The iSER protocol allows iSCSI traffic to bypass TCP processing altogether by
using RDMA increasing performance and decreasing overhead. With today's
workloads and processing power the overhead of the TCP protocol isn't
problematic since typical systems are still significantly underutilized, but
this may change in the future as system utilization increases, standard
networking speeds increase beyond 10Gb/s and applications begin to take
advantage of the power of the newer interconnects.
Storage Grids
Grids have been widely discussed in technical circles over the past few years
as the next killer app to take advantage of the relative power of today's
'low-cost' hardware. Storage grids are next on the agenda and are being
utilized in some shape or form by clustered NAS operating systems and
Google's file system. Each of these file-centric technique offers a way to
consolidate disparate storage resources into one giant, redundant pool. The
transition to grids will occur once more storage services happen at a virtual
layer, where physical storage resources are pooled together and services
happen independent of the disk controllers. As end-user begin to demand and
deploy more open-standards, and vendors increase interoperability, block
level storage grids utilizing IP protocols should become more prevalent via
advanced storage virtualization techniques and increased consolidation and
centralization of server, network and storage resources.

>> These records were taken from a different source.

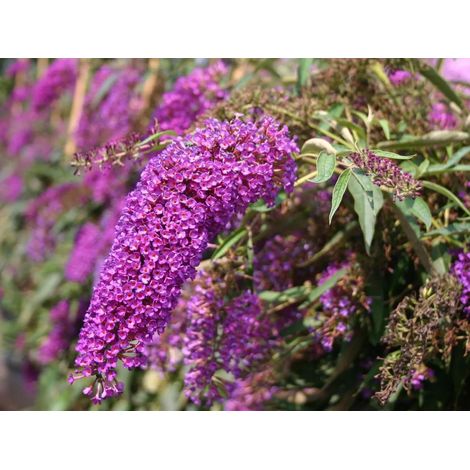 Gardenaria Buddleja davidii 'Nanho Purple'' - Arbusto ornamentale da giardino - Altezza: 40/60 cm (vaso19) (1/2)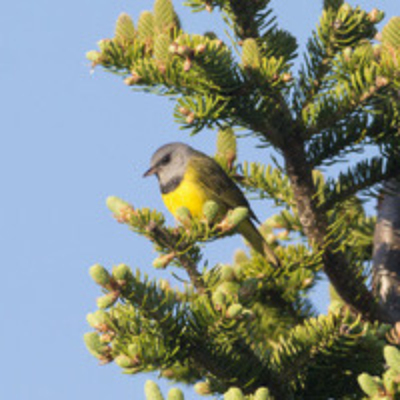 A Mourning Warbler perched in a spruce tree.
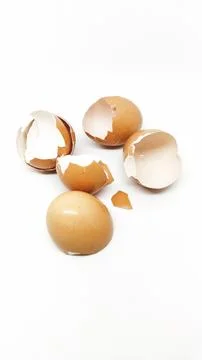 Chicken eggshell Stock Photos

Grid, Thin Provisioning and Cloning
Usage of a Grid Approach in combination with thin provisioning and cloning
reduces the amount of individual copies of operating systems disks and
provides a minimum number of "Golden Images" which can be used to serve a
large number of disk-less blade servers -- this greatly diminishes the number
of physical drives needed which also has an impact on an achieving a
"Greener" environment.